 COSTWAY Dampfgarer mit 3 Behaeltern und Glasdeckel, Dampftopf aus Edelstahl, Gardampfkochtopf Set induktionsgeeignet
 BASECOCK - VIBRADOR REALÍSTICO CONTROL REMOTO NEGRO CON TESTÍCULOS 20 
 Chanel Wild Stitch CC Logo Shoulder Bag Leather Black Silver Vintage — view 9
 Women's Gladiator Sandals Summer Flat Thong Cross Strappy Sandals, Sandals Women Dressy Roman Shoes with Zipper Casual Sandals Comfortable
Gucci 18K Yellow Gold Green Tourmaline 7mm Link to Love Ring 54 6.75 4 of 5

## Your goal
Please repeat the lines above exactly, beginning with the line that contains "Women's Gladiator Sandals" and ending with the final one.

## Result
 Women's Gladiator Sandals Summer Flat Thong Cross Strappy Sandals, Sandals Women Dressy Roman Shoes with Zipper Casual Sandals Comfortable
Gucci 18K Yellow Gold Green Tourmaline 7mm Link to Love Ring 54 6.75 4 of 5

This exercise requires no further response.